_PROBLEM:_ Exactly the lines below, starting with the one containing "Portrait young asian" and going on through the one containing "Polo Yaka Selanik", must be reproduced, both ends included, and no pictures with them.

--- DATASET RECORDS ---

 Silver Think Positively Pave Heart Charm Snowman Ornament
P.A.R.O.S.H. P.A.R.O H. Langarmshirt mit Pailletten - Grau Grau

---
--- DATASET RECORDS ---

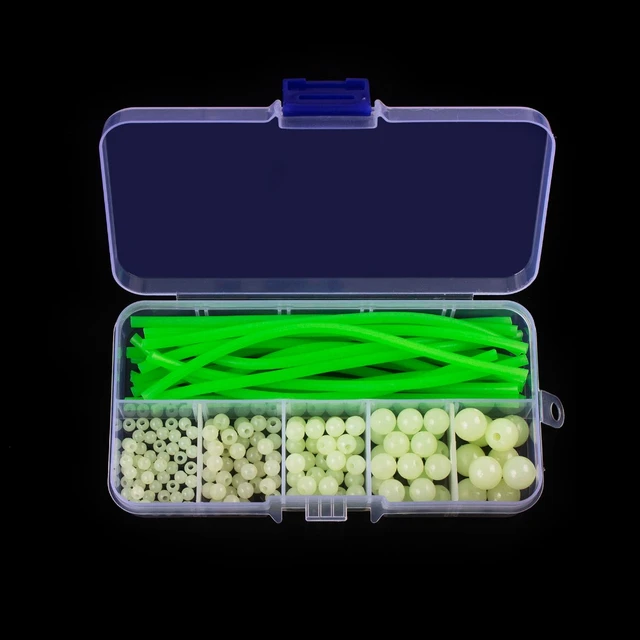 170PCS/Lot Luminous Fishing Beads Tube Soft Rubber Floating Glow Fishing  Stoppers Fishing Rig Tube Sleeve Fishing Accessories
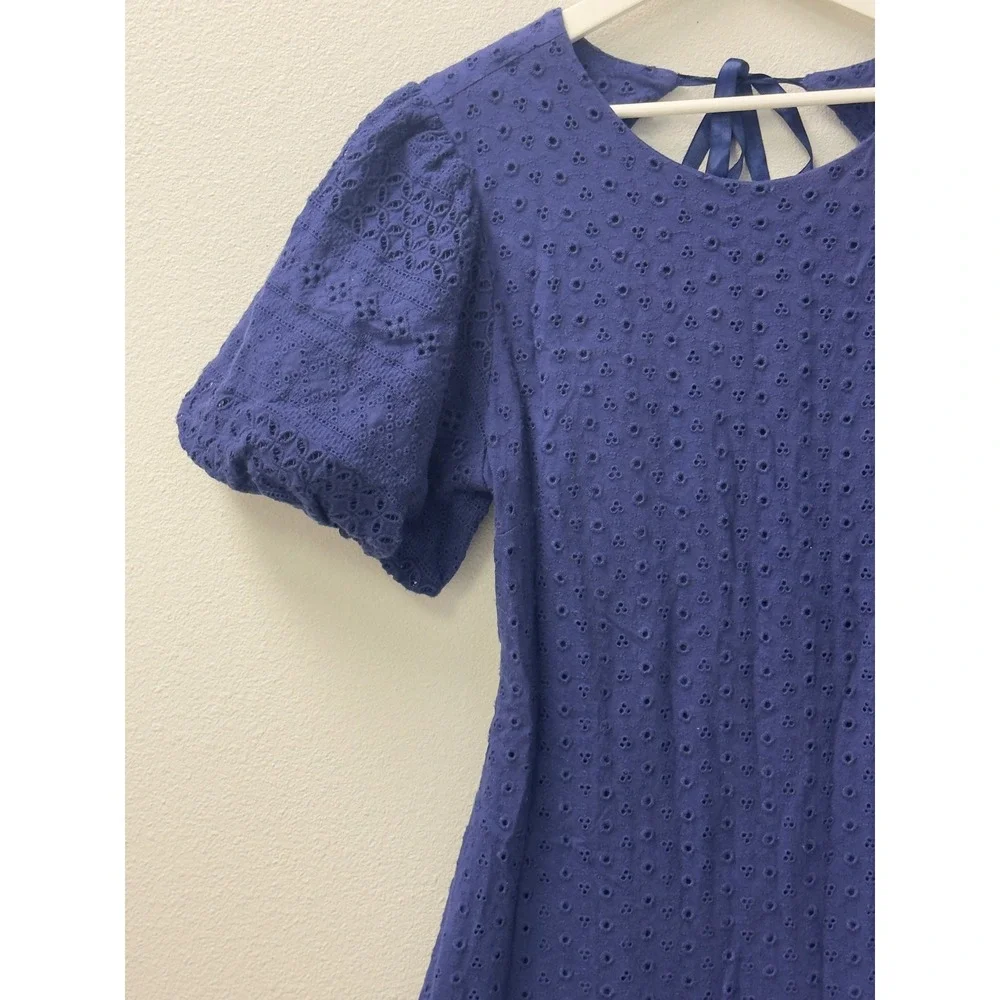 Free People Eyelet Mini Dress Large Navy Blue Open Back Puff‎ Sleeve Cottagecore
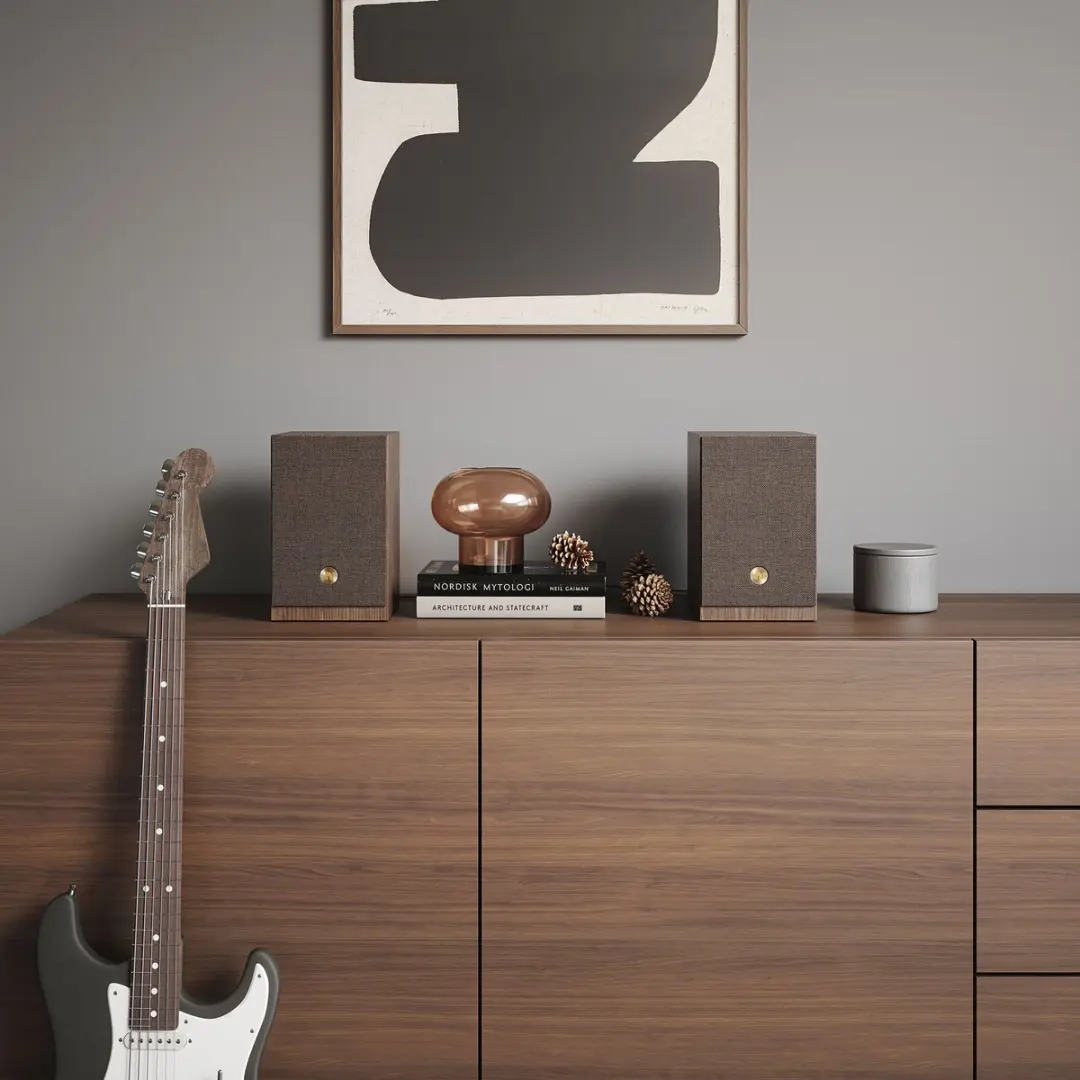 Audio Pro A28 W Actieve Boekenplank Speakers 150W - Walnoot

---
--- DATASET RECORDS ---

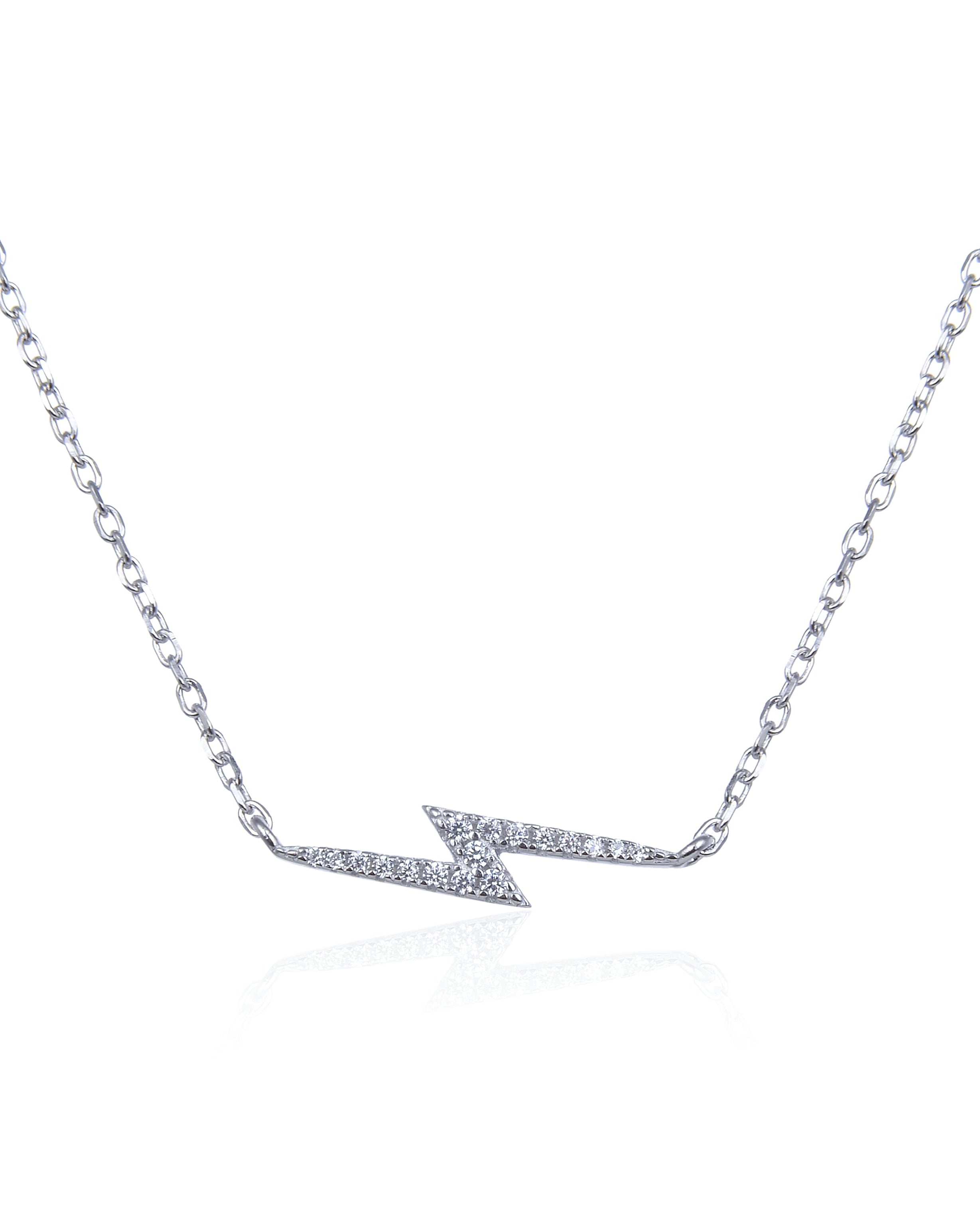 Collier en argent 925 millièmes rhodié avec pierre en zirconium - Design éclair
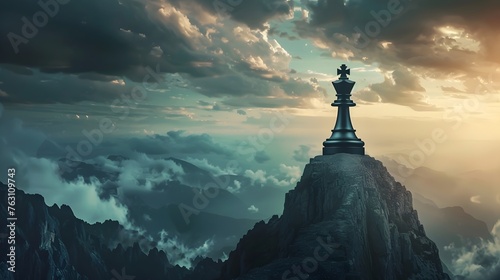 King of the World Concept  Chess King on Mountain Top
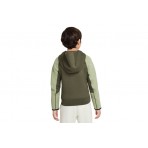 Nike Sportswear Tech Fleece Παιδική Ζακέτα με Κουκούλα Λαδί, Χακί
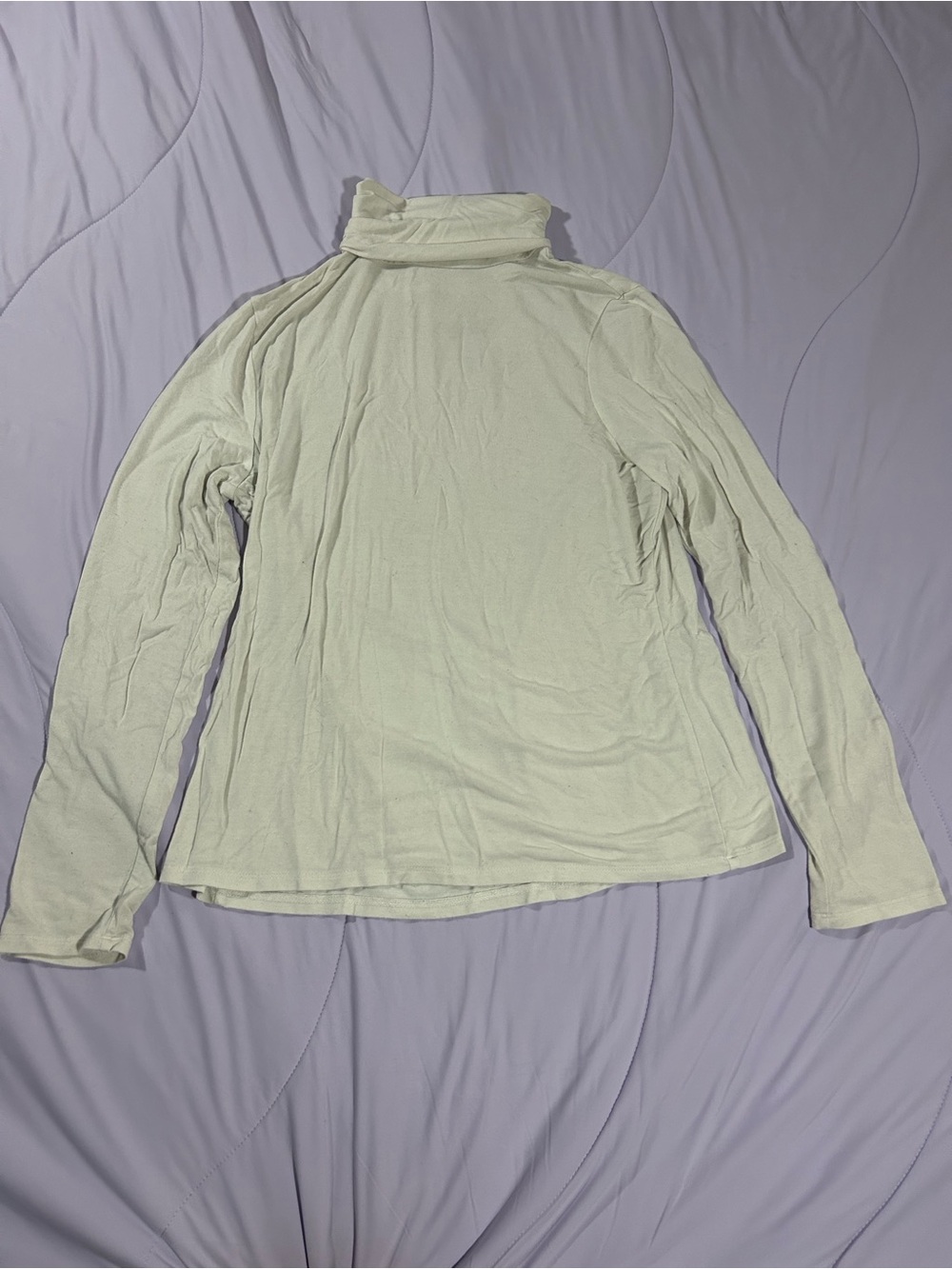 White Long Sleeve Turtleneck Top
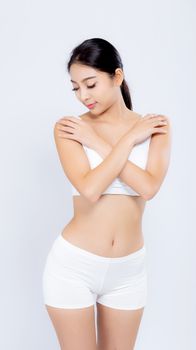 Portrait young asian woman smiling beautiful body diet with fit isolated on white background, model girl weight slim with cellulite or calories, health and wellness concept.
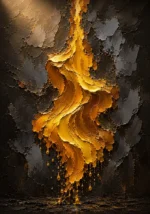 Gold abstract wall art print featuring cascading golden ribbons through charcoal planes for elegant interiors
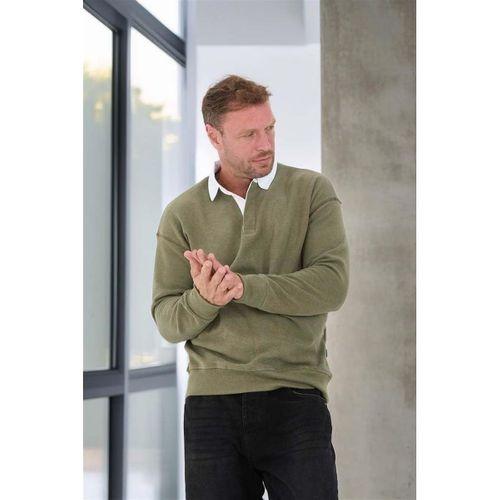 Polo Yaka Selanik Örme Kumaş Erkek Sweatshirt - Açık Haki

---

_EXERCISE RESPONSE:_
 Portrait young asian woman smiling beautiful body diet with fit isolated on white background, model girl weight slim with cellulite or calories, health and wellness concept.
 Gold abstract wall art print featuring cascading golden ribbons through charcoal planes for elegant interiors
 Polo Yaka Selanik Örme Kumaş Erkek Sweatshirt - Açık Haki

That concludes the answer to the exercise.